(TASK TO CARRY OUT) When you reach the line that contains "Silver ring with", set down that line and every one after it through the end of the records, exactly as written and with no pictures.
┄┄┄┄┄┄┄┄┄┄
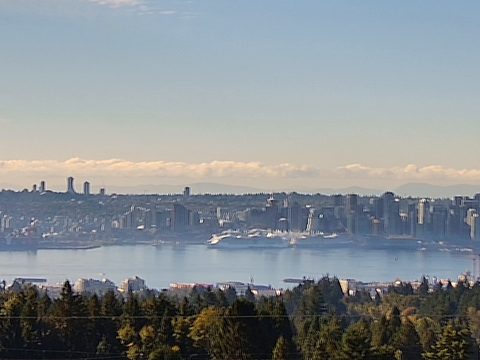 Downtown Vancouver skyline and Canada Place across Burrard Inlet on the live harbour webcam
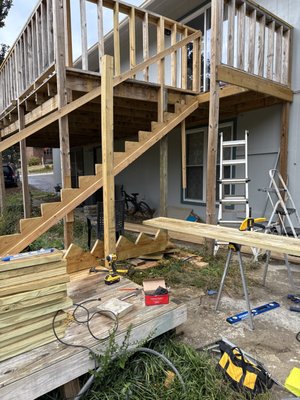 Deck remodel - When we came to this house, he had already built the upper section and he did not have adequate posts large enough to be able to hold all the weight. Using all of the two by fours he did as his balusters made the handrailings twice as heavy. Six by sixes should’ve been used for post instead of 4 x 4’s so we put T braces underneath to take someone the weight of the deck and put it on the braces rather than on the ledger board and the 4” x 4”’s. So we did 6 x 6 T braces we wanted to put them where the concrete walkway is, but that wasn’t desired by the client so we met in the middle and went in front of the concrete. It’s not carrying as much of weight as I would’ve liked, but at least we got some of the weight off the house and onto the braces. We also built stairs and handrails. We had to modify the landing at the bottom. Deck remodel - When we came to this house, he had already built the upper section and he did not have adequate posts large enough to be able to hold all the weight. Using all of the two by fours he did as his balusters made the handrailings twice as heavy. Six by sixes should’ve been used for post instead of 4 x 4’s so we put T braces underneath to take someone the weight of the deck and put it on the braces rather than on the ledger board and the 4” x 4”’s. So we did 6 x 6 T braces we wanted to put them where the concrete walkway is, but that wasn’t desired by the client so we met in the middle and went in front of the concrete. It’s not carrying as much of weight as I would’ve liked, but at least we got some of the weight off the house and onto the braces. We also built stairs and handrails. We had to modify the landing at the bottom.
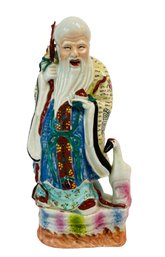 Signed Chinese Porcelain Deity Figure
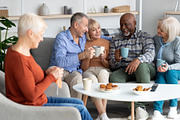 Positive multiracial senior people spending time together at retirement house, a Photo by Prostock-Studio (Thumbnail 1 of 2)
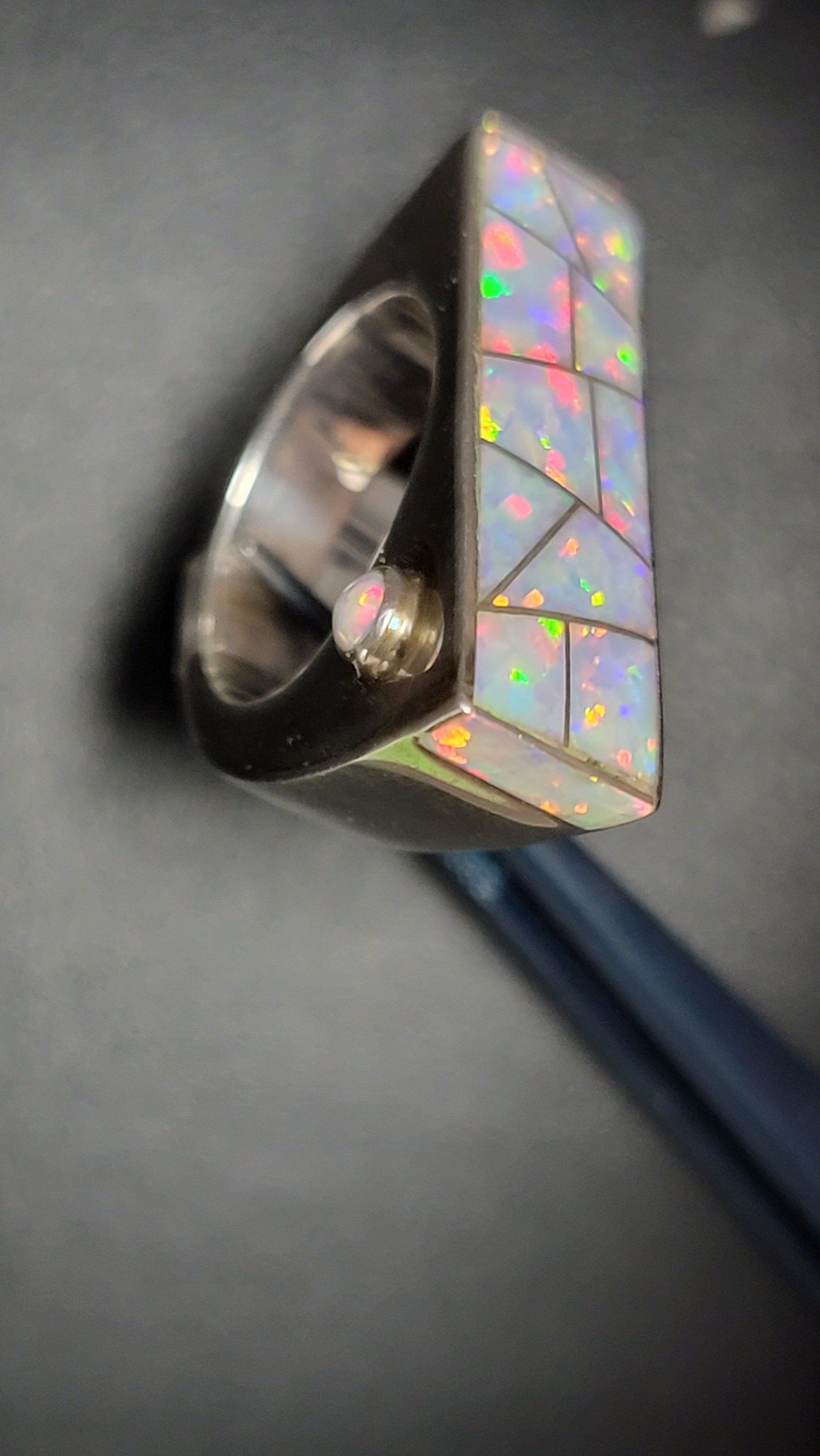 Silver ring with a large rectangular opal inlay and a small opal accent.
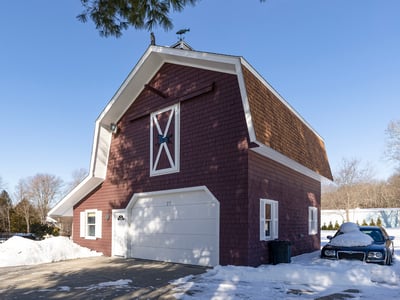 Unique barn-style home with ample space and convenient garage, set in a picturesque winter landscape.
┄┄┄┄┄┄┄┄┄┄
(RESPONSE)
 Silver ring with a large rectangular opal inlay and a small opal accent.
 Unique barn-style home with ample space and convenient garage, set in a picturesque winter landscape.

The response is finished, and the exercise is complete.